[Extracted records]
'''

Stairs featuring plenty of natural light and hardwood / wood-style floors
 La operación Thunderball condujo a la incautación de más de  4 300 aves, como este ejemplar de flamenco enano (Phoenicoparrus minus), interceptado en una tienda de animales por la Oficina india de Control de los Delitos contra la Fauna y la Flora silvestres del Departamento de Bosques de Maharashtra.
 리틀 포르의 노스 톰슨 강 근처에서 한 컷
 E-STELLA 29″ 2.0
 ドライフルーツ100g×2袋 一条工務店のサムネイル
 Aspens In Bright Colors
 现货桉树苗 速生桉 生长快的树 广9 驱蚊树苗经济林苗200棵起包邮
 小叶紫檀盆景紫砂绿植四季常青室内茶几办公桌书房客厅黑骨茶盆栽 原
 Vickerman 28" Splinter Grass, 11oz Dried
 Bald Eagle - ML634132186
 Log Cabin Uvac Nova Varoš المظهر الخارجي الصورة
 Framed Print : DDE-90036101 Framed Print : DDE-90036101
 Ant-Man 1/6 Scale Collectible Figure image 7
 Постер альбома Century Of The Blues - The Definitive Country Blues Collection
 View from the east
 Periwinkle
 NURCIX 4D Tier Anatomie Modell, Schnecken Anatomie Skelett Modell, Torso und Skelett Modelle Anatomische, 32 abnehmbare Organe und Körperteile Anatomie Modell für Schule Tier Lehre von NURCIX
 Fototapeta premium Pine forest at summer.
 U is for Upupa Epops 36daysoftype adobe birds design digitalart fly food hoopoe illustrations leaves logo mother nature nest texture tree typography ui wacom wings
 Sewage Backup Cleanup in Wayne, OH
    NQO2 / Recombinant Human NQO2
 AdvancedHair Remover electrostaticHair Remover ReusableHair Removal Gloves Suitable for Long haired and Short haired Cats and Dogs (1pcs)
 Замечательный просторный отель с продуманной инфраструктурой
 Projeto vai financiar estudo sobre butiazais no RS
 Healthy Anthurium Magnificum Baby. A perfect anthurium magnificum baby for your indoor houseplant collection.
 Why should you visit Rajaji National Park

'''

__Task description__: Your response should hold the lines from the first line of the entries above through the line with "ドライフルーツ100g×2袋 一条工務店のサムネイル", each retyped exactly, and nothing else.

__Answer space__:
Stairs featuring plenty of natural light and hardwood / wood-style floors
 La operación Thunderball condujo a la incautación de más de  4 300 aves, como este ejemplar de flamenco enano (Phoenicoparrus minus), interceptado en una tienda de animales por la Oficina india de Control de los Delitos contra la Fauna y la Flora silvestres del Departamento de Bosques de Maharashtra.
 리틀 포르의 노스 톰슨 강 근처에서 한 컷
 E-STELLA 29″ 2.0
 ドライフルーツ100g×2袋 一条工務店のサムネイル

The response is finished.